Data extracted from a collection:
☆ ☆ ☆

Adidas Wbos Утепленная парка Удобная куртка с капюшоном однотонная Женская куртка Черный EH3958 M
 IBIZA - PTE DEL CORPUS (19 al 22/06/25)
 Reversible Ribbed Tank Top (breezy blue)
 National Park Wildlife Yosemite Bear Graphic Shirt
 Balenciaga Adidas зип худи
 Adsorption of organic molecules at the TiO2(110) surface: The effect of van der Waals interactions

☆ ☆ ☆

- What is expected
Nothing but the lines with "Adidas" should be returned, copied from the entries above.

- Your response
Adidas Wbos Утепленная парка Удобная куртка с капюшоном однотонная Женская куртка Черный EH3958 M
 Balenciaga Adidas зип худи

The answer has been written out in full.